Prof. Dr. Mustafa Tayar, Türkiye'nin bütün ekilebilir alanlarının tamamında organik tarım yapılması halinde ülke insanının sadece yüzde 10'unun beslenebileceğini ifade etti.
Bursa Uludağ Üniversitesi Veteriner Fakültesi Öğretim Üyesi Prof. Dr. Mustafa Tayar, Türkiye'nin bütün ekilebilir alanlarının tamamında organik tarım yapılması halinde ülke insanının sadece yüzde 10'unun beslenebileceğini ifade ederek, "Çünkü organik tarımın koşulları ve şartları çok ağırdır" dedi.

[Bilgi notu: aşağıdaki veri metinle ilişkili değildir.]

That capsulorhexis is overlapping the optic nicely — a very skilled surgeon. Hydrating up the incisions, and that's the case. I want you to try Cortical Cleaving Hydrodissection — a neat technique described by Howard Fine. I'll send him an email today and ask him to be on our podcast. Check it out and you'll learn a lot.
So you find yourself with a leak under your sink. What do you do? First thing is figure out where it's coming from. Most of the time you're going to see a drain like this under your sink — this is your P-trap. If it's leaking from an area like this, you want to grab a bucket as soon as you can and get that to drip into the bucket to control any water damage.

Prof. Dr. Tayar, Atatürk Üniversitesi (AÜ) Veteriner Fakültesi tarafından, Kültür ve Gösteri Merkezi'nde düzenlenen "Gıda Güvenliği ve Tüketici Beklentileri" konferansında yaptığı konuşmada, gıda güvenliği ve bunun insan sağlığı açısından önemini anlattı. Bir yerde meydana gelen gıda zehirlenmesinin, o kentin itibarını da zedelediğini dile getiren Prof. Dr. Tayar, "Yani bir söz vardır.

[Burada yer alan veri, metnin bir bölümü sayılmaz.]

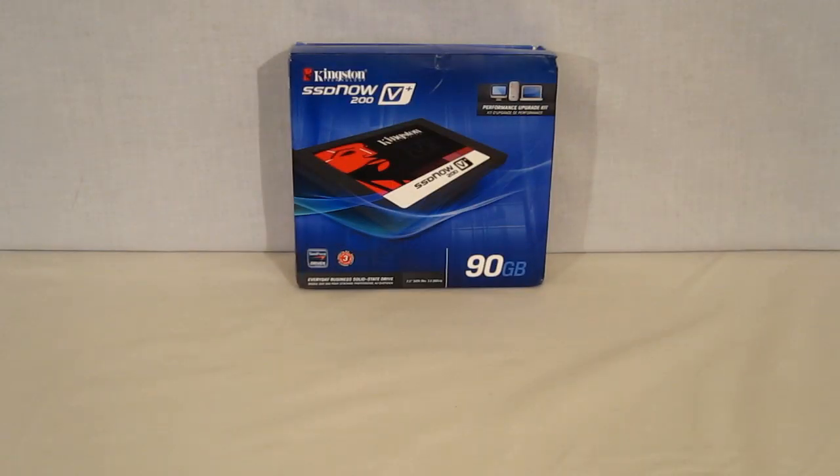This is George from Hitech Legion. Today we're going to be taking a look at the Kingston SSD Now V Plus 200 upgrade bundle. The SSD Now V Plus 200 upgrade bundle consists of a 90GB V Plus 200 SSD Now drive — that is a Sandforce SF2281 controller-driven drive.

Deli bir taş atar, 40 akıllı çıkarmaya çalışır. Onun için güvensiz gıdalara daha dikkat etmek gerekir. Gıda zehirlenmeleri konusunda hassas davranılmalı" diye konuştu. Gıda güvenliğinin öneminin her geçen yıl arttığını vurgulayan Prof. Dr. Tayar, şunları kaydetti: "1960'larda 'benim malım iyi' demek yeterli idi. 1980'de 'göster' demeye başladık ama artık günümüzde 'güvenli gıda üretimini bana kanıtla' diyoruz. 'Güvenli olduğunu bana anlat' demeye başladık. Geldiğimiz bu noktada, hayvansal gıdaların riski biraz daha yüksektir. Günlük tükettiğimiz gıdaların yüzde 10'unu hayvansal, yüzde 90'ı bitkiseldir. Oysa görülme sıklığı ve risk açısında değerlendirdiğimiz zaman hayvansal gıdalardaki risk oranı yüzde 90, bitkisel ürünlerden kaynaklanacak tehlike yüzde 10'dur. "

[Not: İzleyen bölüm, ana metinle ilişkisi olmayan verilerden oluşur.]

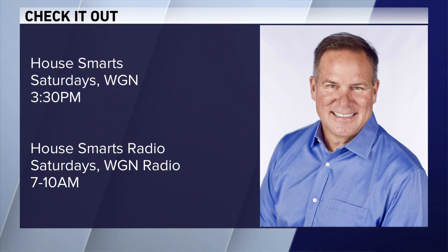That is all news I could use today, Lou. Well done. You're welcome. Have a good weekend. You can check out House Smarts on Saturday afternoons on WGN at 3:30. He's also on WGN Radio with his show, House Smarts Radio — catch it Saturdays from 7 to 10 a.m. Thanks, Lou.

Gıda güvenliği sorunun sadece İl Tarım Müdürlüğü Kontrol Şubesinin tek başına çözemeyeceğini vurgulayan Prof. Dr. Tayar, hem üreticinin hem de tüketicinin gıda güvenliği konusunda sorgulama yapması ve hükümetin de gerekli yasal ortamı sağlaması gerektiğini belirtti.
Prof. Dr. Tayar, bir öğrencinin organik tarım konusundaki sorusu üzerine, şöyle konuştu: "Ülkemizin bütün ekilebilir alanlarının tamamında organik tarım yapmaya kalkışılırsa, ülke insanın sadece yüzde 10'ununu besleyebiliriz.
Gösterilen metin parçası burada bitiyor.